Jerusalem and Tel Aviv are two distinct Israeli cities lying between conservatism and freethinking. It would be hard to find two cities as different as these. Only 70 kilometres separate them, yet they are like two completely different worlds. On the one hand, conservative, uptight Jerusalem and on the other, openly frivolous Tel Aviv. Why are they so different and what makes them special?
According to the Israeli government, Jerusalem is the capital of the State of Israel. It is mentioned more than 600 times in the Bible alone, and its founding dates back 6,000 years. Here you will find 1204 synagogues, 158 churches and 73 mosques. Religion really plays a major role here. On the streets you will find chastely dressed devout Christians and Muslims as well as Orthodox and ultra-Orthodox Jews. Jerusalem is the centre of three world religions, a city of history, humility and piety.
Tel Aviv is considered the capital of the Jewish state by most countries in the world, which is why they have their embassies here. Founded in the early 20th century, it is especially popular with Israeli youth for its wild clubs and bars, as well as its beaches, where meeting young Jewish women in mini bikinis is certainly not unusual.
The city is growing very fast and attracts Israelis with its modern lifestyle as well as its very tolerant and open environment – for example, it hosts one of the largest Gay Pride celebrations in the world. Despite occasional negative media reports, the security situation in both cities is very good. The most a tourist can worry about is where to find the best hummus or falafel.
Golgotha and its Temple of the Holy Sepulchre are the site of one of the most powerful stories of Christianity. Thousands of pilgrims head here every day. If you arrive in the early morning, you can enjoy the temple almost alone. The shrine is administered by six different churches, and due to the constant disputes between the different denominations, after the conquest of the city, the warlord Saladin confirmed members of the Muslim Nuseibeh family as doorkeepers of the temple, who unlock the shrine every day.

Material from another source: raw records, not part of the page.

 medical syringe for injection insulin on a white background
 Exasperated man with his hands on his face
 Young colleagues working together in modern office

In 1187, he then entrusted the key to the shrine to the Joudeh Al-Goudia family, who guard it. Both families continue to perform their duties to this day. This too is the essence of Jerusalem, where Jews, Muslims and Christians have lived in mutual symbiosis for centuries.

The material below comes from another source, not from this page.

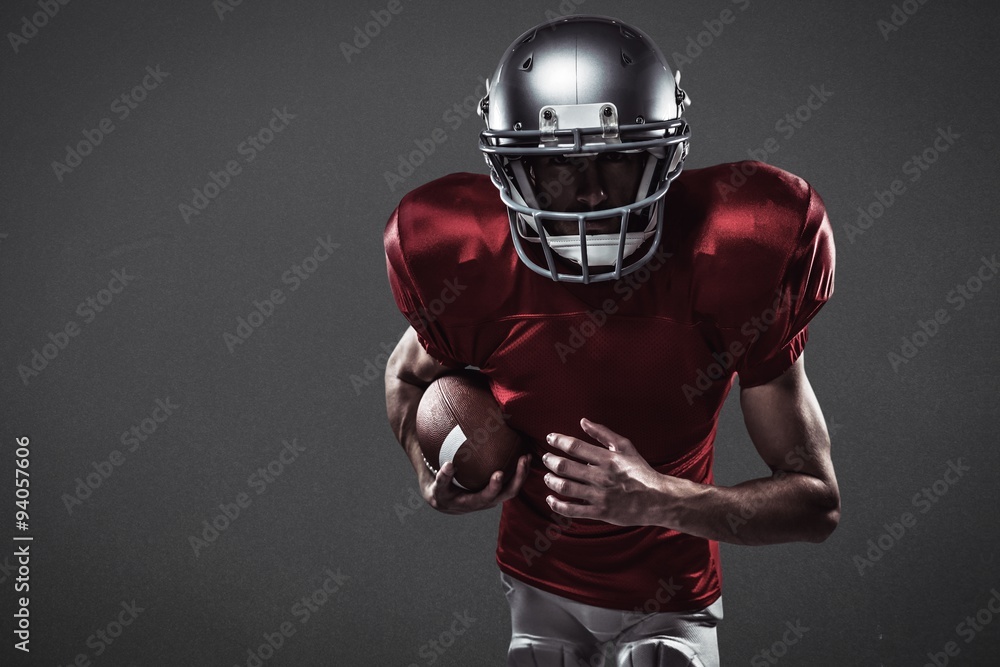Composite image of american football player running with ball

The Wailing Wall is the holiest site in Judaism. The remnant of the Second Jewish Temple is a true symbol for the history of the Jewish state. Thus, you will see a photograph of Israeli paratroopers occupying the holy site in 1967 practically everywhere. Remember that the entire area around the wall is a synagogue, so it is advisable to behave with appropriate humility.
Another of the city's symbols is the Dome of the Rock on the Temple Mount, whose golden dome shines like the crown of Jerusalem. But the most important structure on the summit is the al-Aqsa Mosque – a nondescript building with great religious significance. If you plan to visit the Temple Mount, inquire as soon as possible about how open the access road is. This is because the only possible entrance for non-Muslims is the Mughrabi Bridge, which is controlled by Israel, and the "working" hours of the inspectors can change unexpectedly.
Every politician and tourist should visit the memorial to the greatest Jewish catastrophe. The modern Yad Vashem Holocaust Museum presents the history of anti-Semitism in Europe and its consequences during the Second World War. The exhibition also includes a catalogue of all the victims of Jewish families from around the world.
Don't be afraid to venture into the alleys of the Muslim part of Jerusalem. Few people come here, and yet the real life of the city can be found here. While the Jewish, Armenian and Christian districts have been greatly transformed by tourism, the Arab part is still home to ordinary people. There are schools and shops serving the people of Jerusalem.
There is nothing to worry about, at most you will spend a shekel on a great meal. Just a short walk from the bus station, on the very edge of Jerusalem, is the old Arab village of Lifta, or what's left of it. Its inhabitants fled in 1948 during the Israeli War of Independence and nothing has changed since. Its uniqueness lies in the fact that it is the only untouched village in all of Israel. The rest have been demolished or absorbed by development. So if you want to walk through the first half of 20th century Palestine, this is your chance.
Shopping at the Mahane Yehuda Market is a little walk across the Middle East. Jews who left various Arab and other Islamic countries for Jerusalem after 1948 settled here. You will meet vendors from Iraq, Iran, Morocco, Yemen and other countries. The variety is reflected in the goods on offer, and tasting everything from olives to sweets is commonplace.
Many cafes and restaurants can be found in Jerusalem. For example, just outside the Damascus Gate, a "no-name" tea shop huddles among the shops, but serves great Arabic coffee, excellent tea and hookahs. Local men come here to chat and watch football.
Hummus, falafel and shawarma are part of the town's colour, offered in almost all the restaurants here, but the best are found at the small street vendors who hide in the twisting old alleyways. It's worth cutting back a little on comfort and staying right in the heart of the Old Town. The hostels there offer double rooms and the chance to blend into the city's atmosphere. Some of the most popular accommodations include the Cinema Hostel or the Stay Inn Hostel.